Life on the margins in Malaysia

Life on the margins in Malaysia

KUALA LUMPUR - Gulajan Binti Nur Hamad was only 9 years old when she saw her house set ablaze by rampaging Buddhist mobs. "There was fire and fighting," she said, running her right hand across her throat in a hint that she had seen worse than the flames that left her family's home in ashes.

Gulajan was one of more than 140,000 Muslim Rohingya driven from their homes in 2012 during violence between Buddhists and Muslims in Myanmar's western state of Rakhine. Gulajan was left homeless when ethnic Rakhine mobs in October that year attacked the Rohingya Muslims living in the area of Kyaukphyu, an oil and gas port where a major pipeline comes ashore before traversing Myanmar to China's Yunnan Province.

Weeks after the bloodshed - Gulajan said she does not remember when exactly - she and her family boarded a boat on the Rakhine coast.

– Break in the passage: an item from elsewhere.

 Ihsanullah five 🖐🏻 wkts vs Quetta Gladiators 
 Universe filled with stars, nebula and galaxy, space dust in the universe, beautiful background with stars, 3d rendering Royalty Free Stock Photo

Nine days later, after being cramped shoulder-to-shoulder with the 400 or so people on board, with food provided only every second day, the boat landed at the Malaysian island of Langkawi, off the coast of Penang state.

The Rohingya are a stateless minority numbering over 1 million and living mostly in western Myanmar. Gulajan, now 12, is among the tens of thousands of Rohingya who have made the journey to Malaysia, a Muslim majority country, in recent decades.